- [Entries shown]:
◆ ◆ ◆ ◆ ◆ ◆ ◆

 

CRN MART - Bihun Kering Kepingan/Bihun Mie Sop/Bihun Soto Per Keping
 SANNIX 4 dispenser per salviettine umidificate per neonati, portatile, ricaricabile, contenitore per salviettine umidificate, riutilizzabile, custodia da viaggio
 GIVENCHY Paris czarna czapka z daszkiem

◆ ◆ ◆ ◆ ◆ ◆ ◆

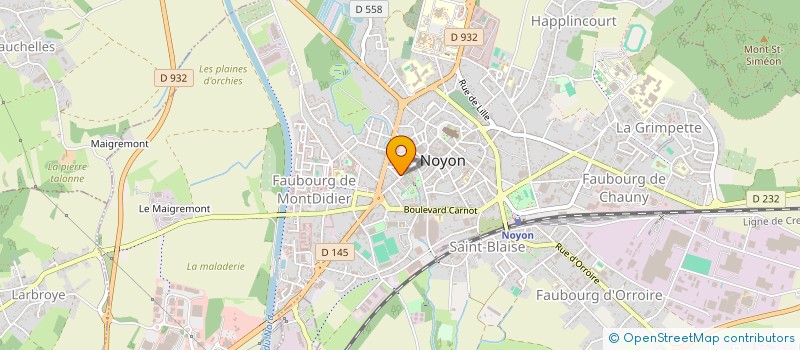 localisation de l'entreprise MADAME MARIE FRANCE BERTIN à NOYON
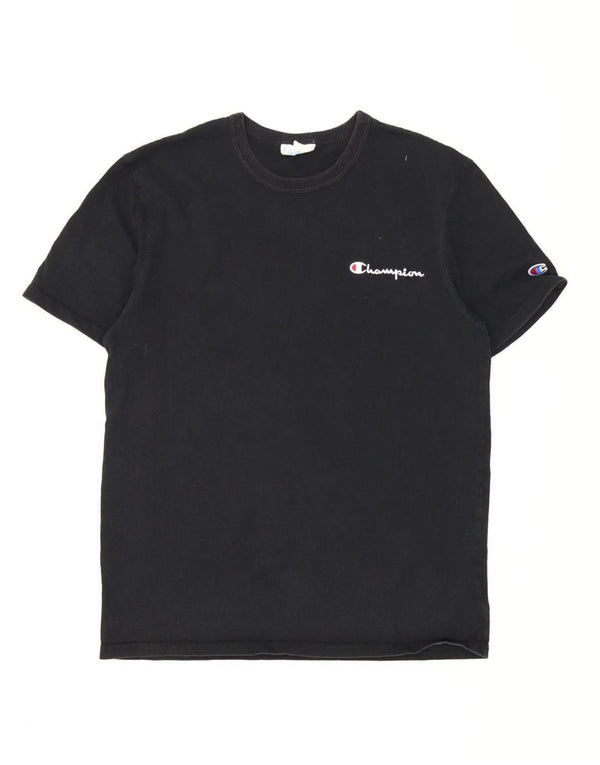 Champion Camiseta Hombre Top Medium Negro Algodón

◆ ◆ ◆ ◆ ◆ ◆ ◆

- [What you will do]:
What are the lines above, starting at the one with "SANNIX 4 dispenser" and ending at the one with "GIVENCHY Paris czarna czapka z daszkiem"? Give them again exactly, and only them.

- [Response to this task]:
 SANNIX 4 dispenser per salviettine umidificate per neonati, portatile, ricaricabile, contenitore per salviettine umidificate, riutilizzabile, custodia da viaggio
 GIVENCHY Paris czarna czapka z daszkiem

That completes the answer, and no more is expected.